Czyimi rękami Czarnek i Pawlak będą kontrolować szkoły przyjazne LGBTQ+?

Nie lekceważyłbym zapowiedzi ministra edukacji, iż chciałby się przyjrzeć szkołom przyjaznym LGBTQ+. Tak samo poważnie trzeba potraktować zapowiedź Rzecznika Praw Dziecka, że szkoły te zostaną skontrolowane. Problem w tym, kto zechce podjąć się tej misji w imieniu ministra Czarnka i rzecznika Pawlaka?

Poznałem kilku łódzkich kuratorów i jednego z innego rejonu. Wszyscy narzekali na opór urzędników. Mówili, że kurator niewiele może. Jak urzędnik się uprze, że czegoś nie zrobi, to nie ma mocnych. Oczywiście otwartego buntu w kuratorium nie ma, jest zwykłe przeciąganie sprawy, z której w końcu nic nie wychodzi.

To wszystko prawda. Poznałem paru urzędników z kuratorium. Podkreślali, że nie wykonywali politycznych poleceń kuratora, gdyż nie chcieli sobie psuć życiorysu. Żaden kurator nie był w stanie zmusić ich do tego, co uważali za hańbiące zadanie. Nawet jak na polecenie kuratora przyszli skontrolować jakąś szkołę, to tak naprawdę żadnej kontroli nie robili. To bardzo polski sposób oporu wobec głupoty przełożonych, ale widocznie inaczej się nie da.

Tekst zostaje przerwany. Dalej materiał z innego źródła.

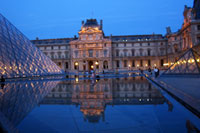 The Louvre reflected in a pool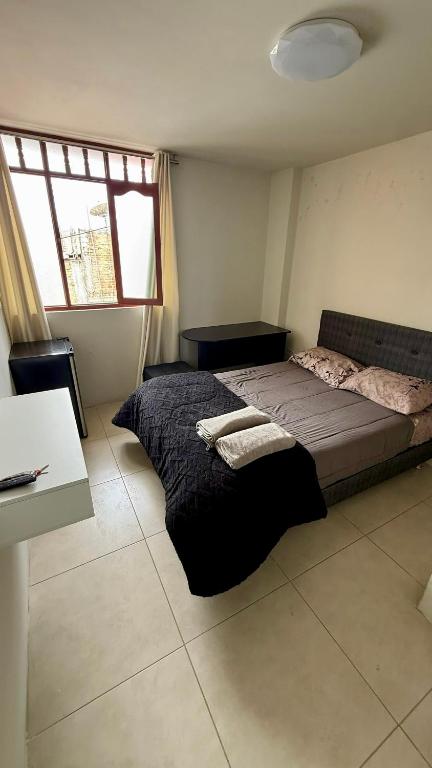 a bedroom with a bed and a desk and a window at Habitación Matrimonial en el centro de la ciudad in Ayacucho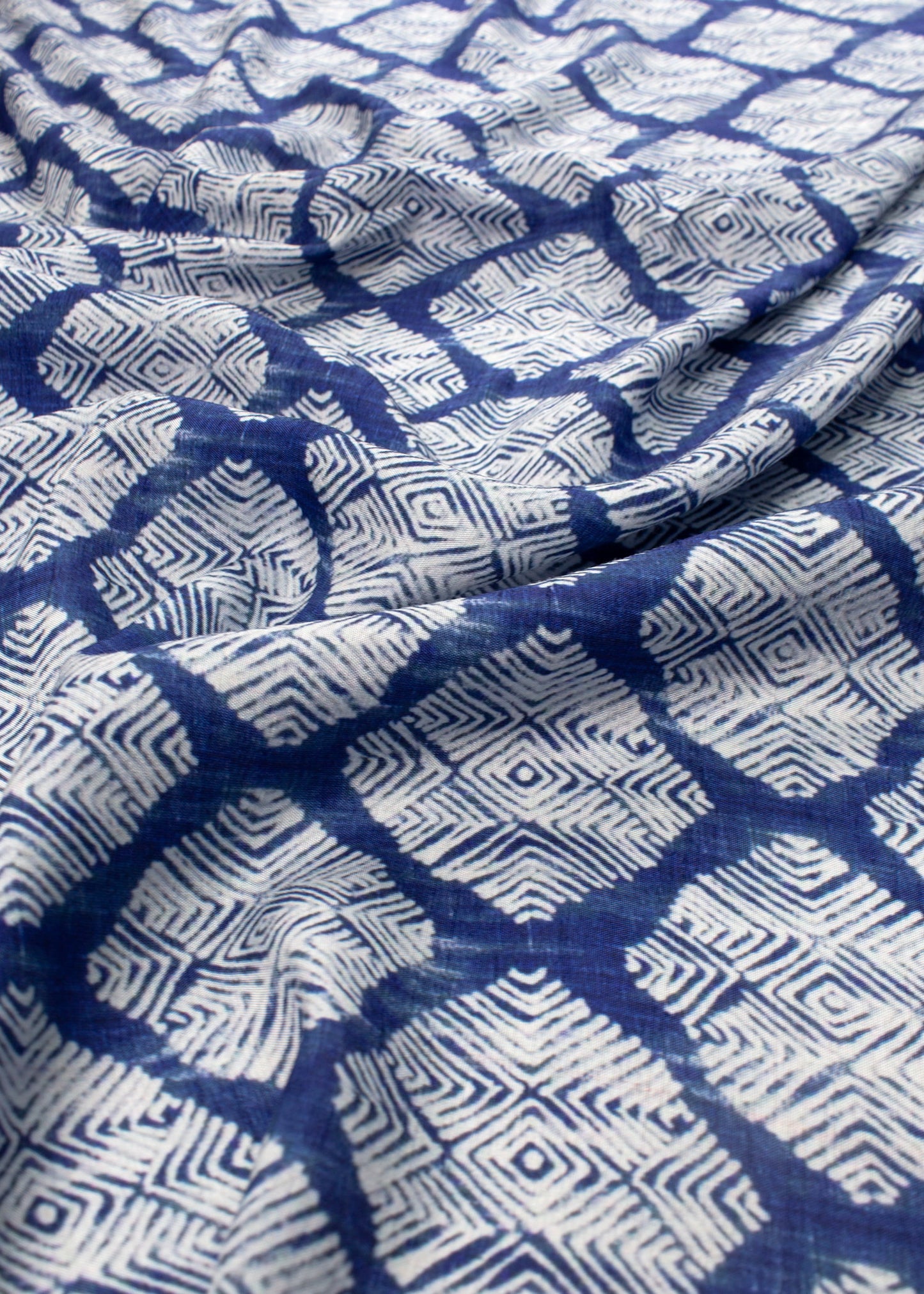 Blue and white patterned fabric with geometric design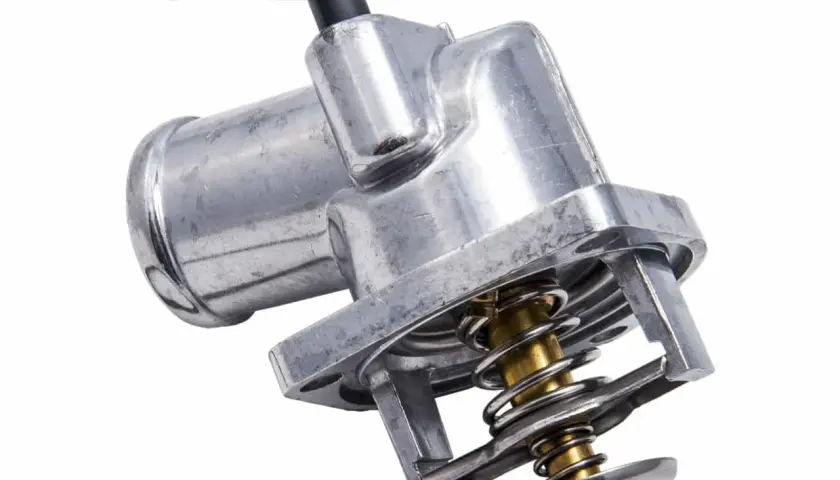 Metalowy termostat samochodowy z widocznym mechanizmem sprężynowym. Uszkodzony termostat może powodować problemy z temperaturą silnika.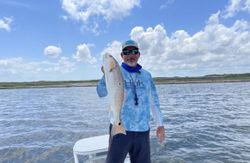 One fisherman catching a 22-inch fish in Corpus Christi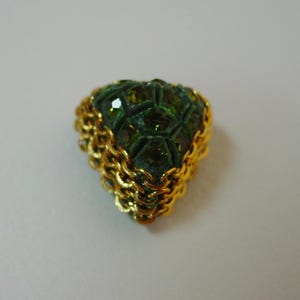 May include: A gold-toned, triangular-shaped brooch with a chain-link border. The brooch is encrusted with green, faceted gemstones. The gemstones are arranged in a geometric pattern, creating a textured surface. The brooch is set against a plain white background.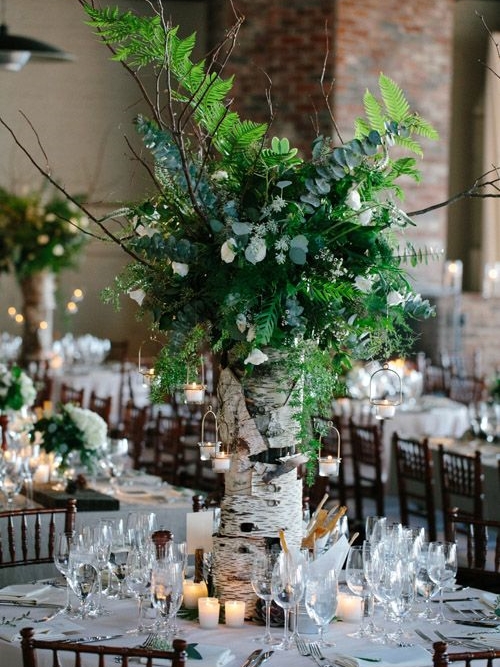 a super lush and oversized wedding centerpiece of a tree stump with lots of textural greenery, some white blooms and branches plus candles around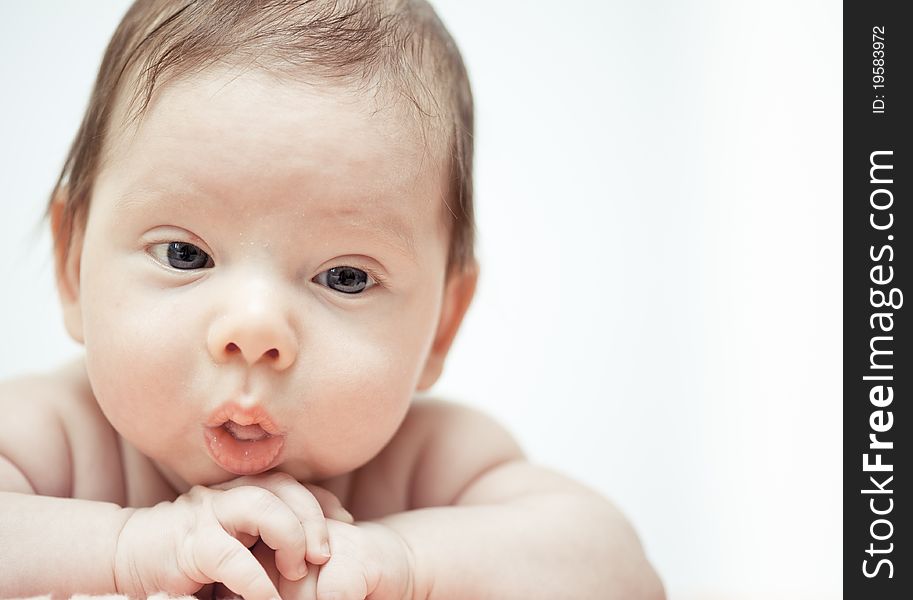 The close-up portrait of a little baby. The close-up portrait of a little baby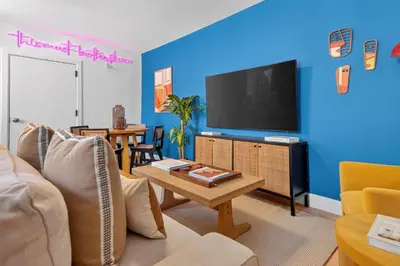 a living room with a couch and a tv at Spacious 3Bedroom with AC near McCarren Park Brooklyn Stay in Brooklyn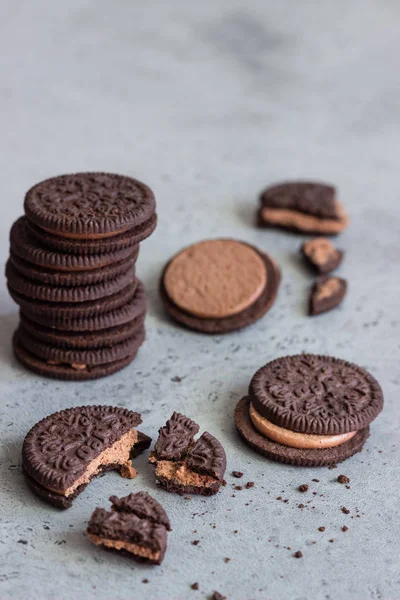 Chocolate sandwich cookies with cocoa cream filing on grey concrete background. Copy space.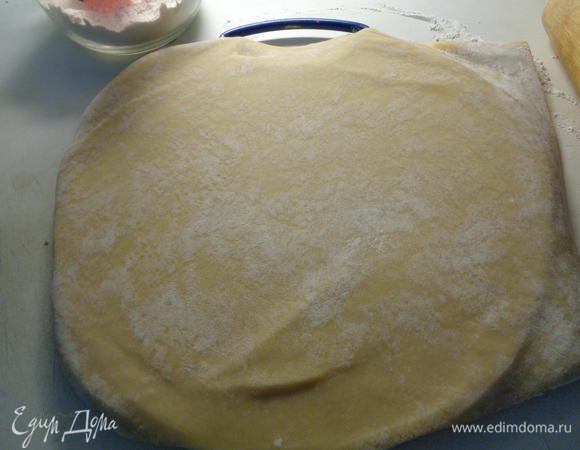 Достать из холодильника песочное тесто и раскатать его, на присыпанной мукой поверхности, в круг.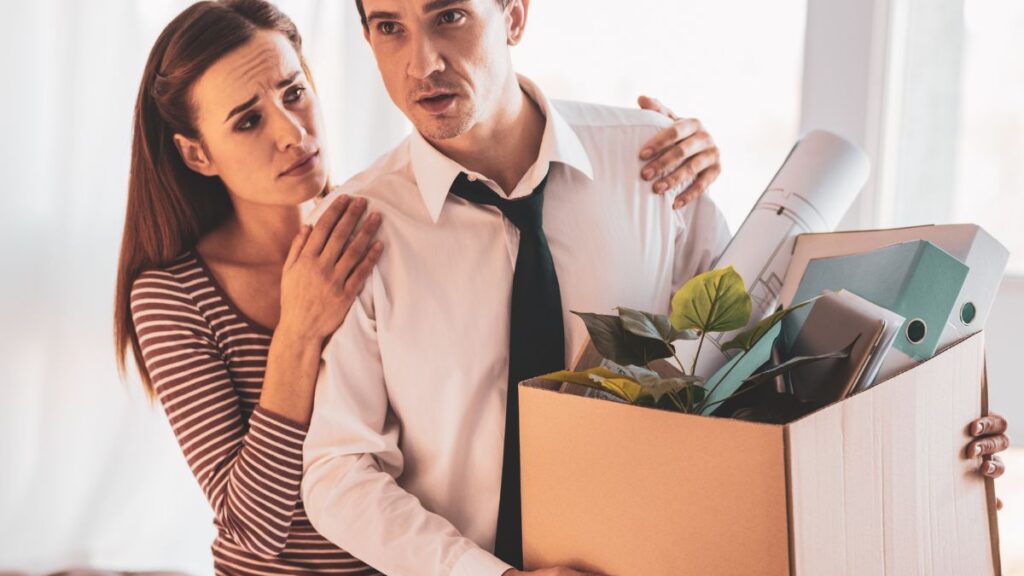 Support Woman giving man a hug from behind. Man holding box of office items upset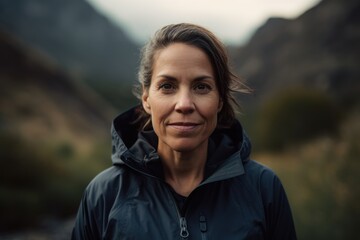 Portrait of a mature woman with a beautiful smile in the mountains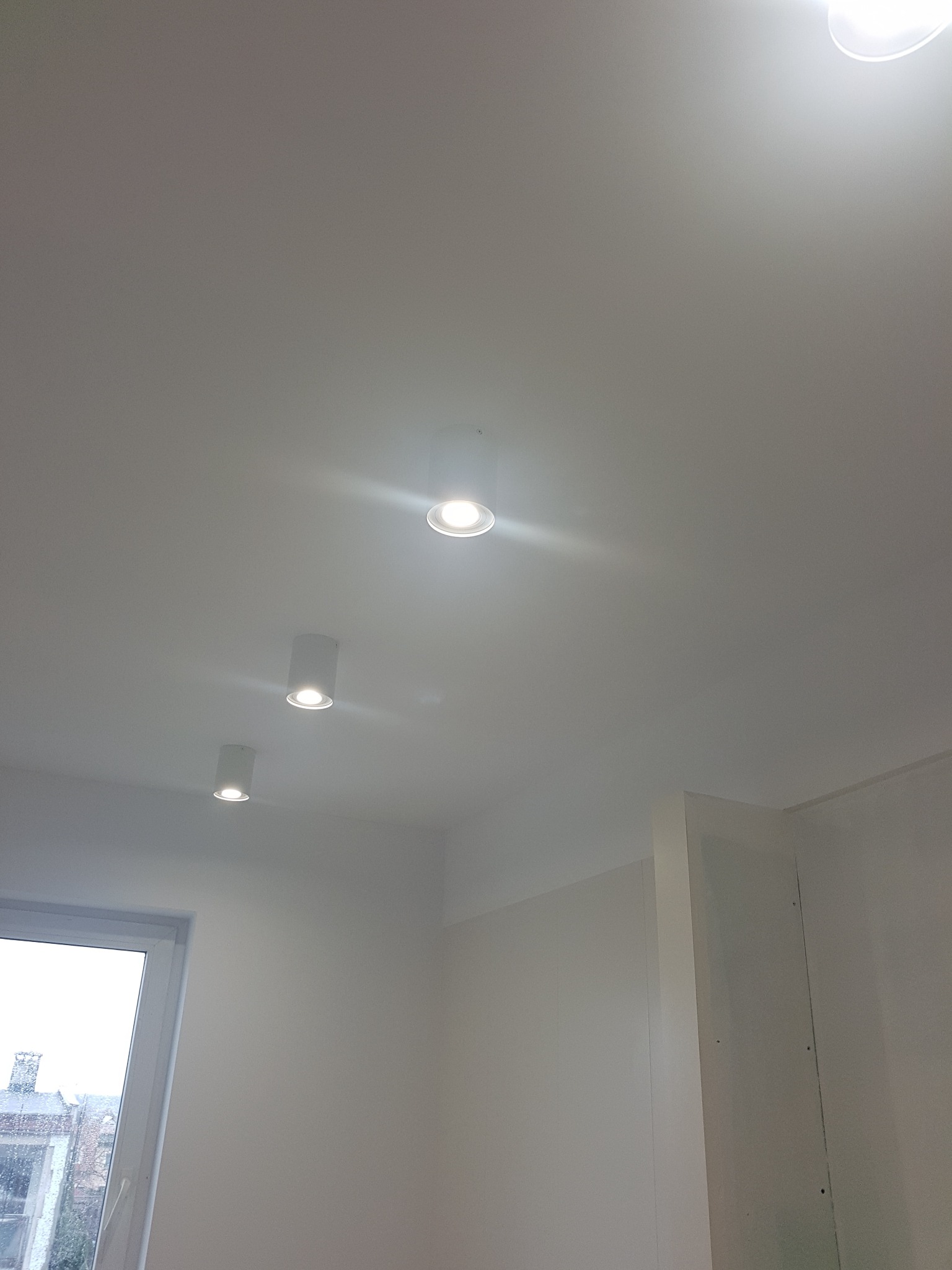 Biały sufit z trzema okrągłymi lampami punktowymi LED, widok z dołu, ściana z płyt kartonowo-gipsowych, okno z widokiem na budynek z cegły.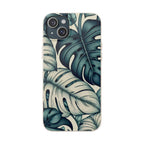 A full, straight-on view of an iPhone in a beige, speckled case with a teal and blue monstera leaf pattern. The case covers the entire back of the phone, and the dual camera lens cutout is visible in the top left corner.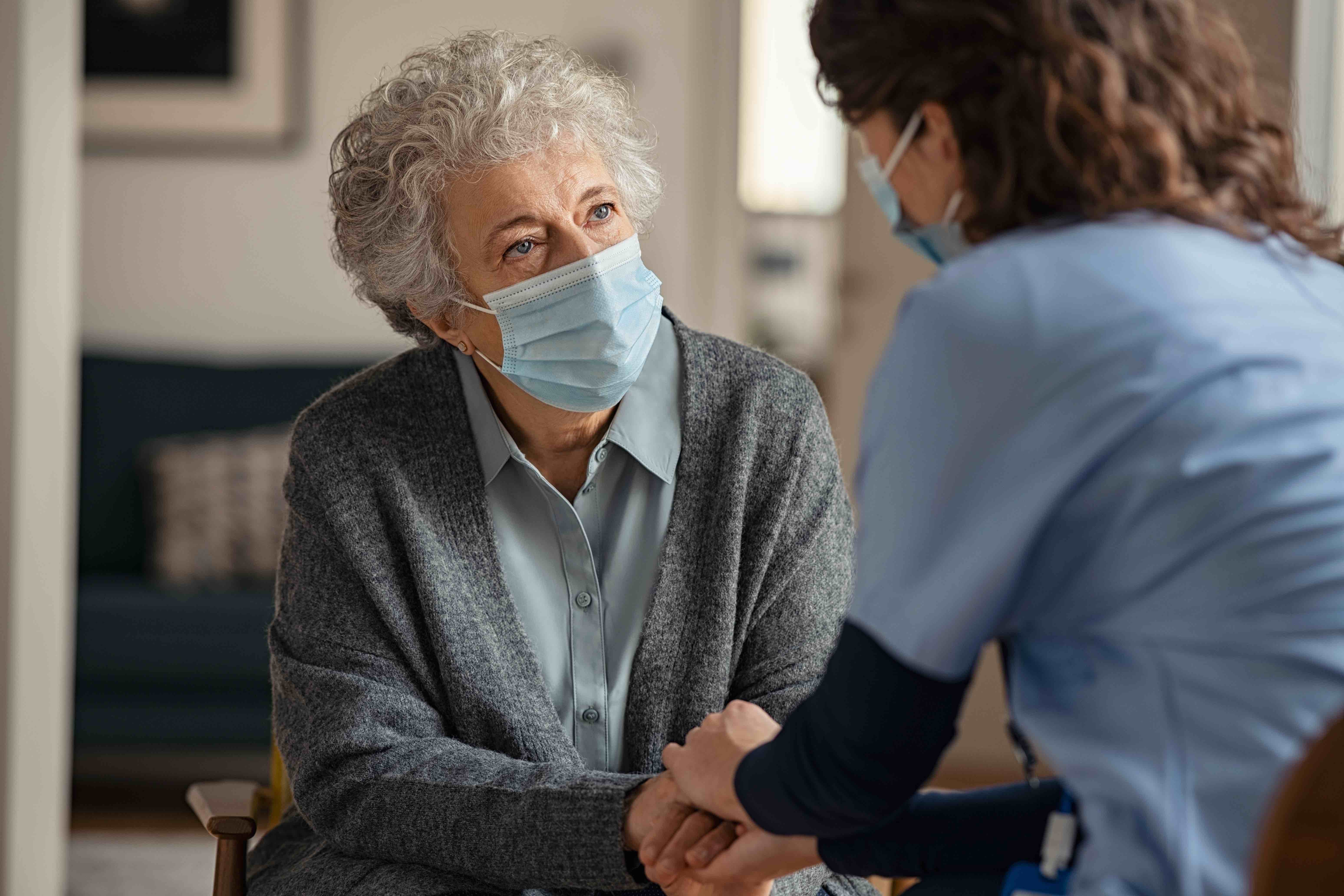 Personne âgée masquée une infirmière lui tenant la main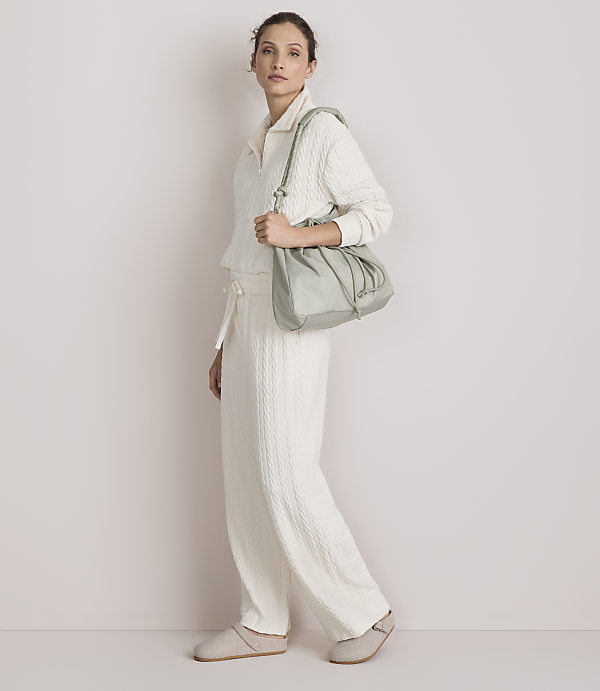 A woman in a cream-colored loungewear set and slippers walks with a light green drawstring bag against a plain, light-colored background.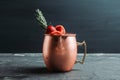 Red oranges and strawberry cocktail in copper mug variation of Moscow mule on the wooden background Royalty Free Stock Photo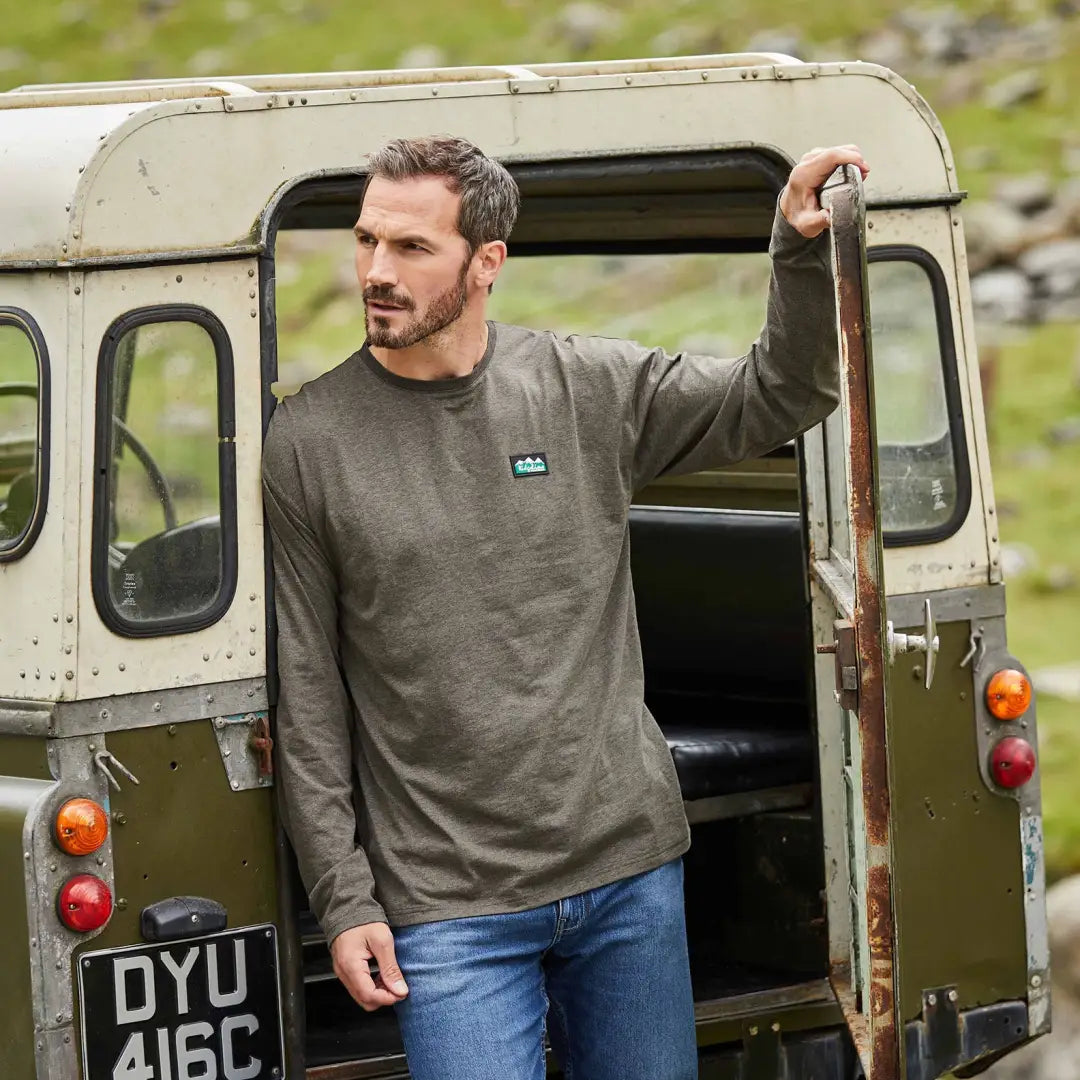 Man in doorway of vintage off-road vehicle, perfect for country clothing and outdoor hunting adventures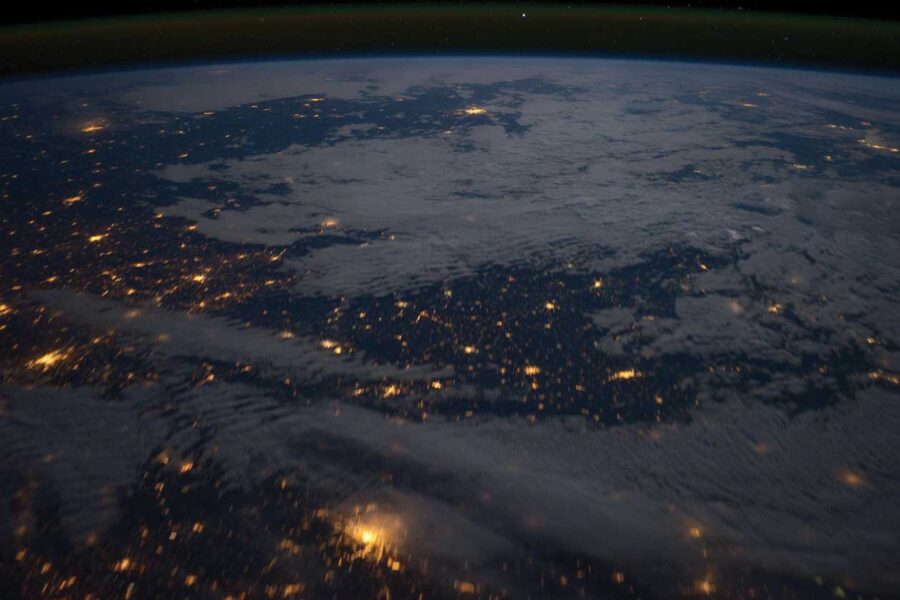 an aerial shot of the earth at night with bright yellow lights on a dark background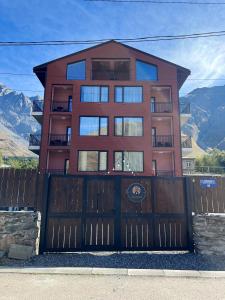 a house with a wooden gate and a fence at Kazbegi Apartments in Kazbegi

Jeśli Czarnek i Pawlak chcą naprawdę skontrolować szkoły przyjazne LGBTQ+, muszą mieć do tej brudnej roboty swoich ludzi. W kuratorium mogą nie znaleźć ani jednego. No chyba że dwie kadencje PiS zrobiły swoje i porządnych ludzi w kuratoriach oświaty już nie ma.